While completing her undergraduate degree at the University of Pennsylvania, Dr. Zoltoski fell in love with research. Her early experiences in sleep anatomy research led her to pursue a PhD in pharmacology and neurosciences at Wake Forest University. In her postdoctoral training positions at University of California, San Diego, and Brock University, she realized she wanted a career where she could combine teaching and research. She came to ICO in 1997 to teach biochemistry, with courses in neuroanatomy and evidence-based health care to be added later. She also has established an active research laboratory working with clinicians on a wide variety of topic ranging from dry eye to vision therapy. Her main focus has been changes in lens ultrastructure with age and accommodation, for which she has received federal funding to pursue this research. Her background has provided her with the training necessary to add this important component to ICO. She has been fortunate enough to mentor more than 100 students, and feels that her research is successful today in large thanks to the excellent clinicians as well as her students at ICO.
Why ICO?
My transition to ICO was a rough one. I had never done any teaching or research related to the eye and felt as if I had landed in a foreign country without really knowing the language. When I was hired to teach biochemistry, I was not even confident I knew why optometrists needed to know biochemistry. By the end of my first week here, I had learned why they needed to know it, but it took me a bit longer to be able to convey those important ideas to the students. At the end of my second year, I was given the opportunity to attend a course designed to assist medical educators in becoming better instructors. I turned my course on its head, and I finally enjoyed teaching by using cases to help the students see the value of what they were learning. About the same time, I was fortunate to find some colleagues in the Chicago lens research community to accept me into their lab and my research found a new meaning as well. More recently, I have been able to bring some of that research back into ICO so that I am now more able to combine my research and teaching, as I set out to do so many years ago.

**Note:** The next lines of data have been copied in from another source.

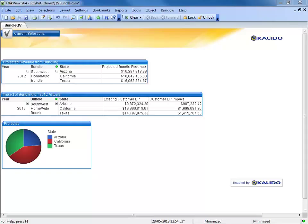The process of making new model artifacts available to the business analyst happens much faster with Kaleido, allowing them to better keep pace with your changing business.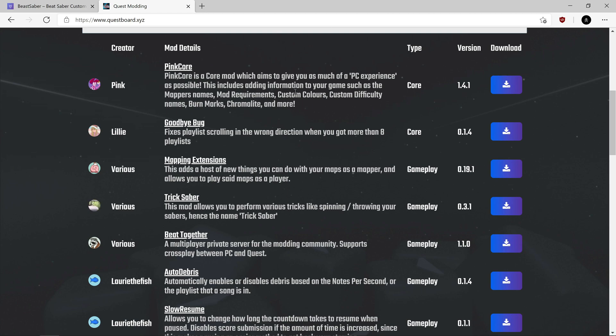PinkCure - don't worry about this one. It installs automatically with BMBF. If you have BMBF installed, that's already on there.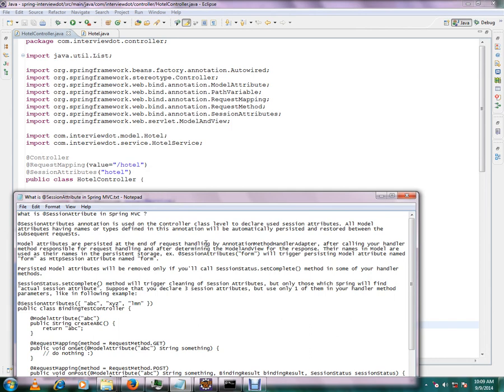So how do I get that model attribute which was prepared in the previous request? I have to store it somewhere. That's where session attribute comes into picture. Within the session attribute, we can store the already prepared model objects in the subsequent request.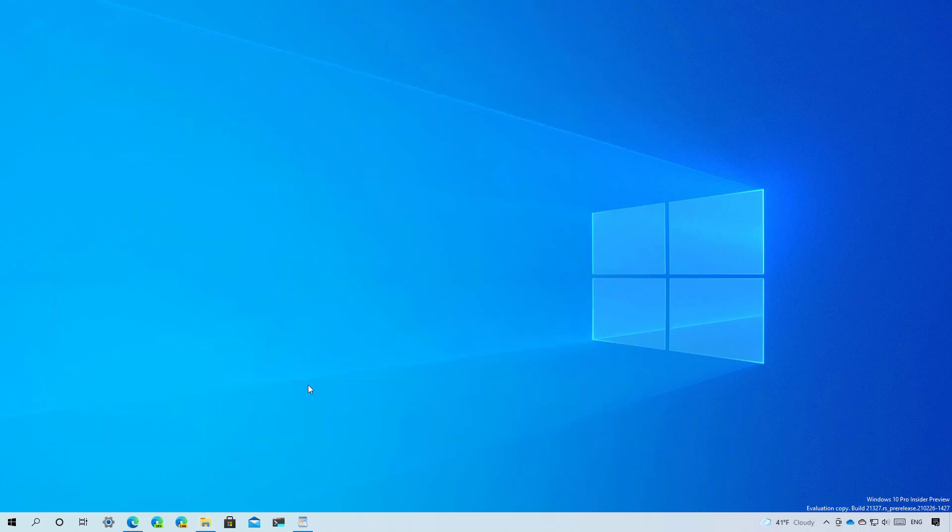Finally on build 21313 since preview builds on the dev channel are no longer tied to a specific version of Windows 10 Microsoft has changed the display version to just dev in the about page and throughout the operating system to avoid confusion.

Students at ICO have not only the educational/clinical community to gain experiences from, but they also have the larger Chicago community. ICO offers programs that strive to increase cultural awareness and diversity within the school and the clinic, as well as vision screenings, health clinics, and tutoring programs that allow the students to reach out to our neighbors in Bronzeville, as well as across the Chicagoland area. It is the diversity, not only in our clinic, but also in our student body, that makes ICO an unending educational experience.